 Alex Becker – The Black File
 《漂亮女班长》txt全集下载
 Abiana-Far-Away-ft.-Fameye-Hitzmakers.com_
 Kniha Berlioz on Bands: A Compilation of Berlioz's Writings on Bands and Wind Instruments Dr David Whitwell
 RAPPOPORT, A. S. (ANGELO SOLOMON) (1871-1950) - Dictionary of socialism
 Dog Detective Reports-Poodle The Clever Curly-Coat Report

---

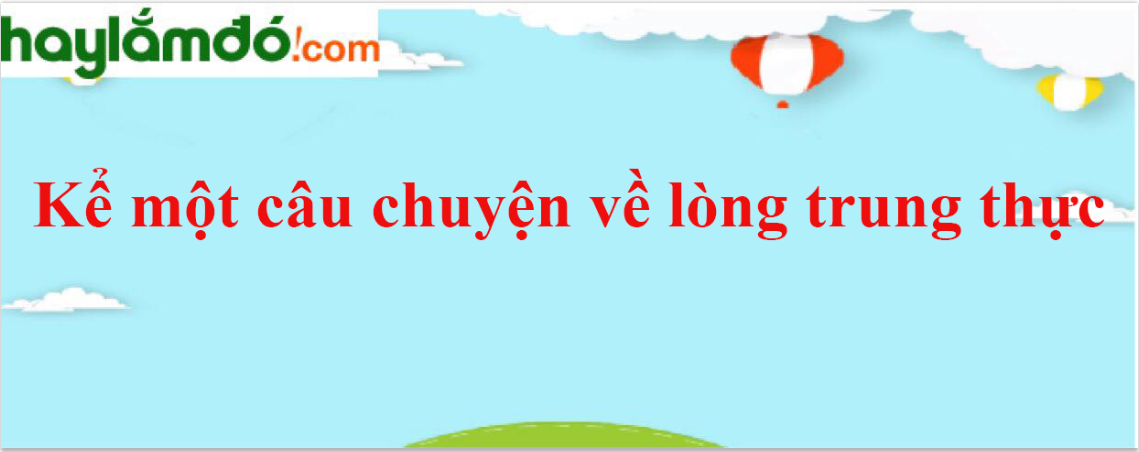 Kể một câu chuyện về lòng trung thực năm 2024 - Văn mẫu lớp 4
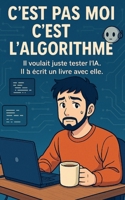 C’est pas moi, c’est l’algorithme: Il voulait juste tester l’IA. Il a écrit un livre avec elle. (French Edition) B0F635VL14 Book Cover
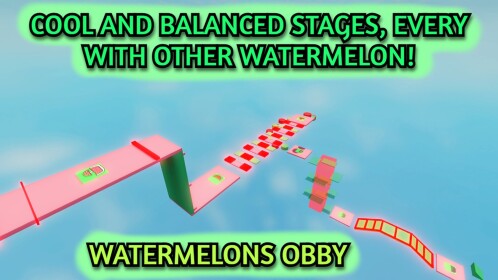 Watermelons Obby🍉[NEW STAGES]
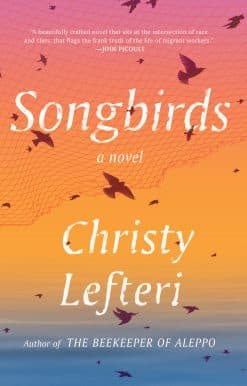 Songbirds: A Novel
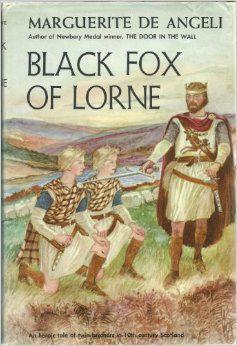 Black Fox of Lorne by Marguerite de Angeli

==

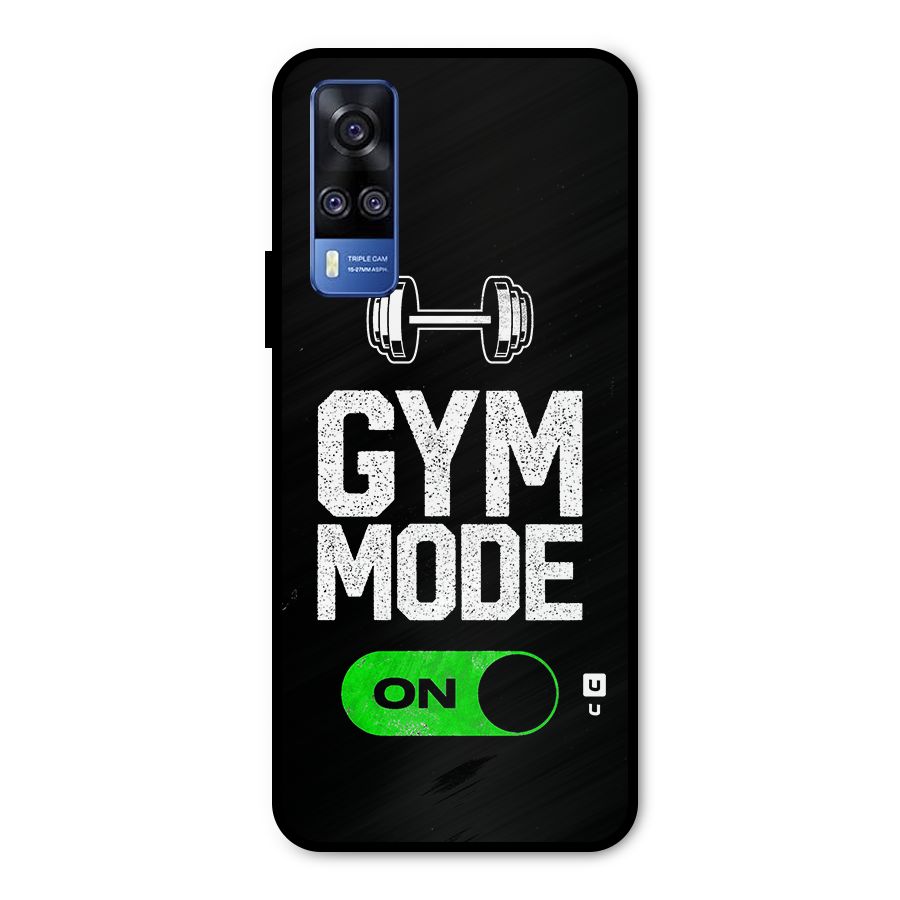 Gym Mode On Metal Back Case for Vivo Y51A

### WHAT IS NEEDED
Given the data above, transcribe exactly the lines from the one containing "Alex Becker – The Black File" down to the one containing "Dog Detective Reports-Poodle", and no others.

### SOLUTION TO THIS PROBLEM
 Alex Becker – The Black File
 《漂亮女班长》txt全集下载
 Abiana-Far-Away-ft.-Fameye-Hitzmakers.com_
 Kniha Berlioz on Bands: A Compilation of Berlioz's Writings on Bands and Wind Instruments Dr David Whitwell
 RAPPOPORT, A. S. (ANGELO SOLOMON) (1871-1950) - Dictionary of socialism
 Dog Detective Reports-Poodle The Clever Curly-Coat Report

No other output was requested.